L'ancrage de son activité de compositeur dans des hommages et des allusions à toute l'histoire de la musique occidentale est pour Kurtág une nécessité vitale, et l'œuvre regorge d'allusions, souvent indiquées par le livret (hommage à Moussorgski, « comme une mélodie de Debussy ») – lorsque Clov remet à Hamm la gaffe qui lui donne comme une illusion de liberté, Kurtág amène aux cuivres graves un écho à la descente de Wotan au Nibelheim dans L'Or du Rhin. À d'autres moments, on peut entendre des influences plus populaires, pour dessiner le rapport au monde naïf, passéiste et vain des deux parents de Hamm dans leurs poubelles, accordéon compris.

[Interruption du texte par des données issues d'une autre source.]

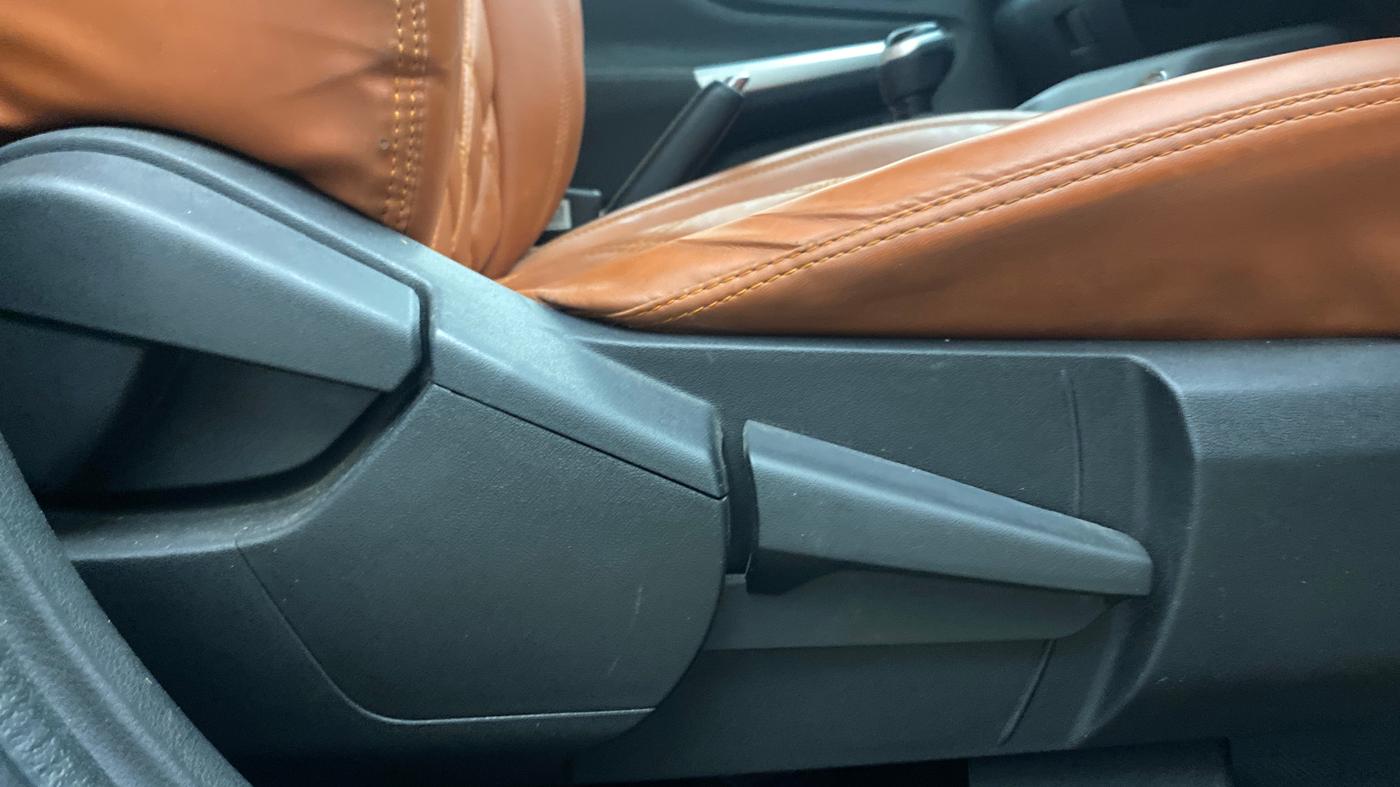 2021 Nissan MAGNITE XV PREMIUM TURBO, Petrol, Manual, 60,626 km, Driver Side Adjustment Panel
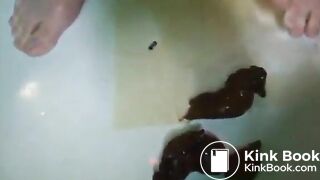 Amateur Babe Pooping #28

Kurtág a choisi de rajouter quelques mots dans le texte, un court poème en anglais en guise de prologue, et surtout une citation littéraire on ne peut plus essentielle : « Mon bisaïeul Prospero l'a dit : Our revels now are ended ». L'allusion au dernier monologue du démiurge Prospero dans La Tempête de Shakespeare a quelque chose d'une révélation : cette renonciation aux sortilèges créateurs et à l'illusion de peser sur le cours des choses est après tout aussi une fin de partie, et le « roman » que (se) raconte Hamm avec l'agaçante vanité d'un écrivain mondain fait de lui une sorte de Prospero. Mais Clov est-il alors Caliban, avec sa claudication et son obéissance maussade, ou plutôt Ariel, comme le laisserait penser l'étonnante légèreté de ses dernières interventions ? Fin de partie marque peut-être la fin de six décennies d'une carrière unique pour Kurtág, mais la fin de la pièce n'est pas une apocalypse définitive ; les premiers mots de Clov sont après tout « C'est fini », et la fin de partie est moins un événement qu'une atmosphère. Kurtág donne aux enjeux complexe de la pièce de Beckett une présence, une vie, des couleurs d'une stupéfiante vigueur, il donne à ces personnages de papier une épaisseur, une humanité, une complexité que le simple théâtre parlé peine à susciter. C'est admirable, et il faut espérer que les maisons d'opéra ne priveront pas longtemps leur public du chef-d'œuvre dont notre temps avait besoin.